You grandparents may very well have taken amphetamines at some point in their
lives.

But no, not commonly part of the narrative. Remember, drugs are literally
Hitler.

[https://en.m.wikipedia.org/wiki/History_and_culture_of_subst...](https://en.m.wikipedia.org/wiki/History_and_culture_of_substituted_amphetamines)

------
rdtsc
Well ISIS fighters don't drink but apparently are fond of Captagon
[https://www.washingtonpost.com/news/worldviews/wp/2015/11/19...](https://www.washingtonpost.com/news/worldviews/wp/2015/11/19/the-
tiny-pill-fueling-syrias-war-and-turning-fighters-into-super-human-soldiers/)
which is a meth like drug developed in the 60's:
[https://en.wikipedia.org/wiki/Fenethylline](https://en.wikipedia.org/wiki/Fenethylline)

------
fapjacks
Alcohol in modern battlefield contexts is still a consideration.
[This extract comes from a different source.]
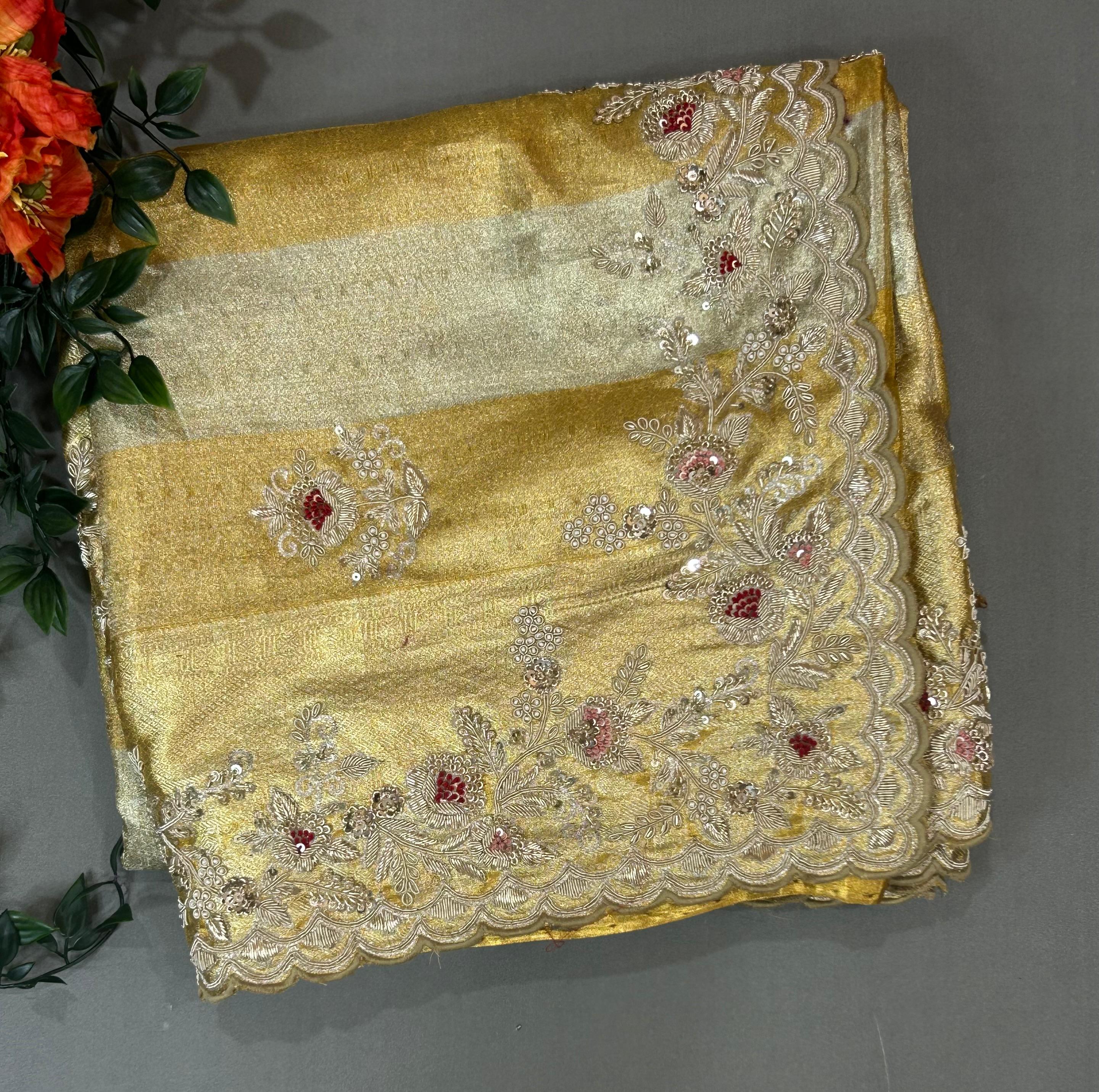 Golden and silver shade stripes  pure kanchipuram handwork-07 saree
For Western
military forces (especially American), alcohol is forbidden in warzones. It's
considered contraband and is confiscated from inbound mail. But soldiers do
_often_ buy alcohol from locals, get it smuggled in through the mail, or -- as
I did once -- make it like prison pruno. In addition, some warzones are
different than others. For example, since there aren't really any regular
(American) Army units in the Philippines, only Special Forces (et al), there
aren't restrictions on alcohol like there are in other places. Very
interesting and unique being in a warzone where alcohol use was sanctioned by
commanders. On the one hand I understand why it's restricted, but on the other
hand, in my experience, most folks can handle some amount of alcohol in their
lives on tour. I guess the military's playing a numbers game and they take
zero chances. Officially, at least.

------
walshemj
Until fairly recently alcohol also helped with the problem of contaminated
water causing massive casualties eg more died through disease during the
napolionic wars than through firefights.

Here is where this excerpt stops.